# [Material for this task]
··········
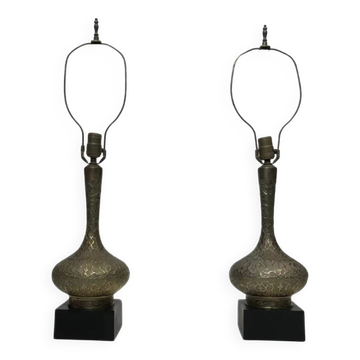 Pair Of Brass Oriental Style Table Lamps Mid Century 1960s Hollywood
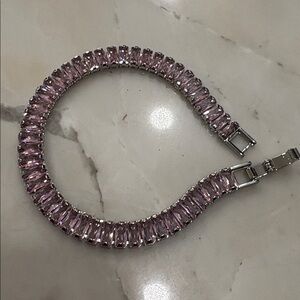 Tennis Bracelet White Gold Plated Faux Pink CZ Diamonds 7” #59A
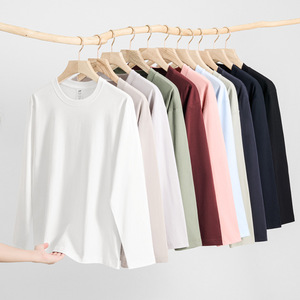 Camiseta de Manga Larga para Hombre, 230g, 100% Algodón, Blanca, Corte Holgado, Color Sólido, Anti-Pilling, Impresión Digital - Product Image 1
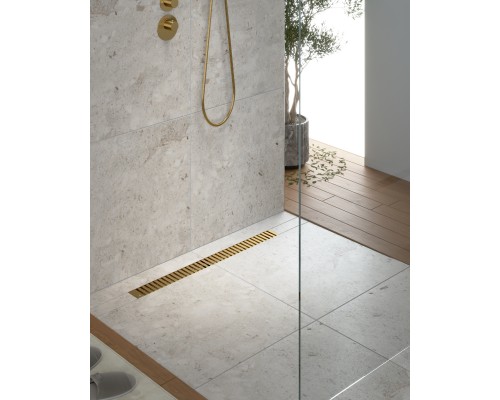 Душевой лоток TIMO Drain System 800 с вставкой "lines", Золото матовое (DS230108/17) Душевой лоток TIMO Drain System 800 с вставкой "lines", Золото матовое (DS230108/17)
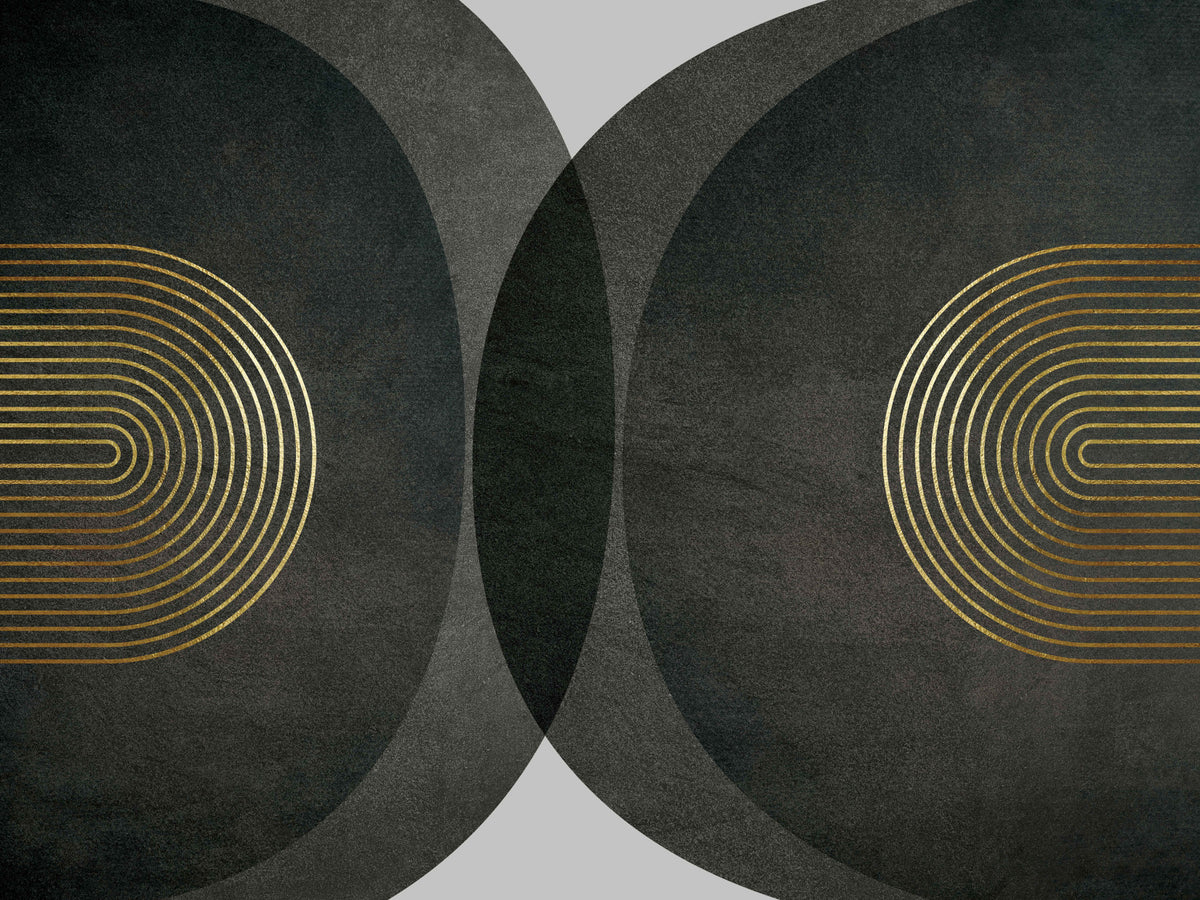 Modern Mid Century Charcoal Gold Wall Mural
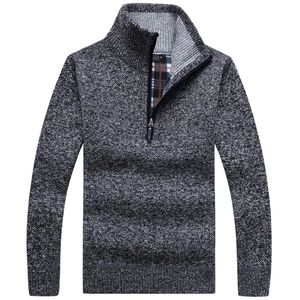 Autumn Mens Tjock Warm Stickover Polid Solid Sleeve Turtleneck Sweaters Half Zip Fleece Winter Jumper Comfy Clothing 240119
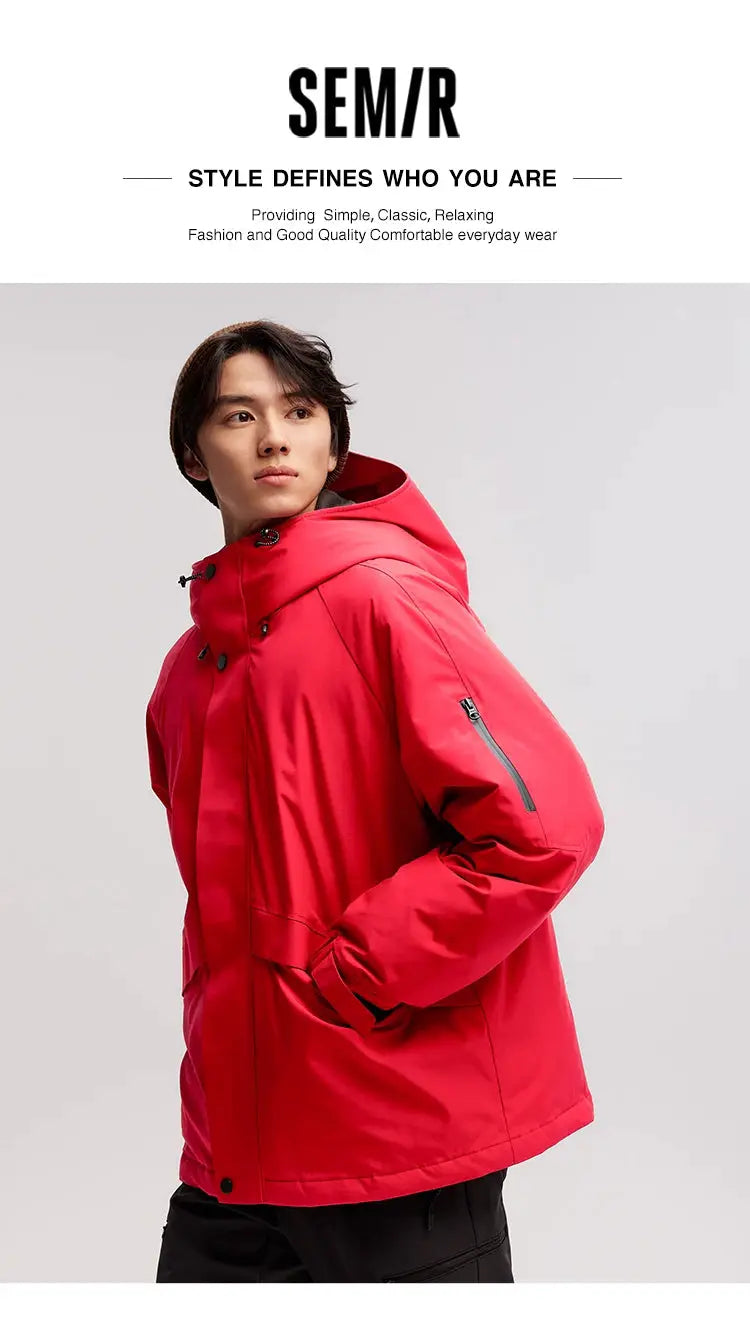 Semir men's red mid-length down jacket with hood, rainproof and windproof, Simples Market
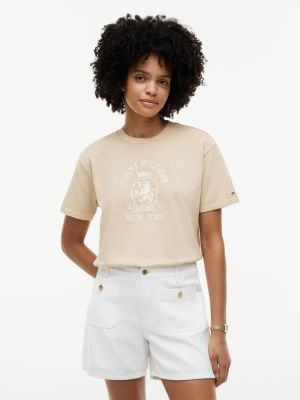 Crest Logo Garment-Dyed Boxy T-Shirt, Clayed Pebble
··········
Working from the line that contains "матовое (DS230108/17) Душевой" to the last line of the listing, please quote each line exactly, pictures excluded.

 Душевой лоток TIMO Drain System 800 с вставкой "lines", Золото матовое (DS230108/17) Душевой лоток TIMO Drain System 800 с вставкой "lines", Золото матовое (DS230108/17)
 Modern Mid Century Charcoal Gold Wall Mural
 Autumn Mens Tjock Warm Stickover Polid Solid Sleeve Turtleneck Sweaters Half Zip Fleece Winter Jumper Comfy Clothing 240119
 Semir men's red mid-length down jacket with hood, rainproof and windproof, Simples Market
 Crest Logo Garment-Dyed Boxy T-Shirt, Clayed Pebble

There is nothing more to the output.